* **Dataset content**
========

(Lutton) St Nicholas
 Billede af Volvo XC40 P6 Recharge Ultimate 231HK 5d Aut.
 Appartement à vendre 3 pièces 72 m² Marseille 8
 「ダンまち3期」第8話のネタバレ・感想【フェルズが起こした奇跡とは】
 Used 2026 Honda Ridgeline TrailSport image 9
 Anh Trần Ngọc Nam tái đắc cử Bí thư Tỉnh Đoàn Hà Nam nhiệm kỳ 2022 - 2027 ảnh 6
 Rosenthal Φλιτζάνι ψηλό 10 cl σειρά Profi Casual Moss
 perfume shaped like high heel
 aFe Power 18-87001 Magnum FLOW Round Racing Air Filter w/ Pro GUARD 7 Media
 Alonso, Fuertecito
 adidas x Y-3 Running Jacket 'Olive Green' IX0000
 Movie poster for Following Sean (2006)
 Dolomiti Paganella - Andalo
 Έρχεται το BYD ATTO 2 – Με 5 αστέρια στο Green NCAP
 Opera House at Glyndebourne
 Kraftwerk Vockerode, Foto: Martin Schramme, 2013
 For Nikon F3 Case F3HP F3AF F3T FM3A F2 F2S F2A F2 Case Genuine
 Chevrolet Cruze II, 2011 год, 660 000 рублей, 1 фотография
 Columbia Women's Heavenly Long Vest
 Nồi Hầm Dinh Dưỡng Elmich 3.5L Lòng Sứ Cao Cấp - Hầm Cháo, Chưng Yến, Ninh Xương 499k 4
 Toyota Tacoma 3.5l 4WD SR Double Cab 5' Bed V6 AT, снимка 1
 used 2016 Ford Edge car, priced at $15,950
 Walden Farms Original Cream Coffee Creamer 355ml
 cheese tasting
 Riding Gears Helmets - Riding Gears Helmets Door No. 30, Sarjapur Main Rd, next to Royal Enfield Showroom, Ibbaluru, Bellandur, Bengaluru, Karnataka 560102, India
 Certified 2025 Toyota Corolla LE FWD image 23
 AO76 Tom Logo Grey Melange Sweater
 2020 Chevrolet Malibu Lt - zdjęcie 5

========

Set down, word for word, the line that contains "Opera House at Glyndebourne" and all lines after it up to the end of the listing.

* **Solved problem**
 Opera House at Glyndebourne
 Kraftwerk Vockerode, Foto: Martin Schramme, 2013
 For Nikon F3 Case F3HP F3AF F3T FM3A F2 F2S F2A F2 Case Genuine
 Chevrolet Cruze II, 2011 год, 660 000 рублей, 1 фотография
 Columbia Women's Heavenly Long Vest
 Nồi Hầm Dinh Dưỡng Elmich 3.5L Lòng Sứ Cao Cấp - Hầm Cháo, Chưng Yến, Ninh Xương 499k 4
 Toyota Tacoma 3.5l 4WD SR Double Cab 5' Bed V6 AT, снимка 1
 used 2016 Ford Edge car, priced at $15,950
 Walden Farms Original Cream Coffee Creamer 355ml
 cheese tasting
 Riding Gears Helmets - Riding Gears Helmets Door No. 30, Sarjapur Main Rd, next to Royal Enfield Showroom, Ibbaluru, Bellandur, Bengaluru, Karnataka 560102, India
 Certified 2025 Toyota Corolla LE FWD image 23
 AO76 Tom Logo Grey Melange Sweater
 2020 Chevrolet Malibu Lt - zdjęcie 5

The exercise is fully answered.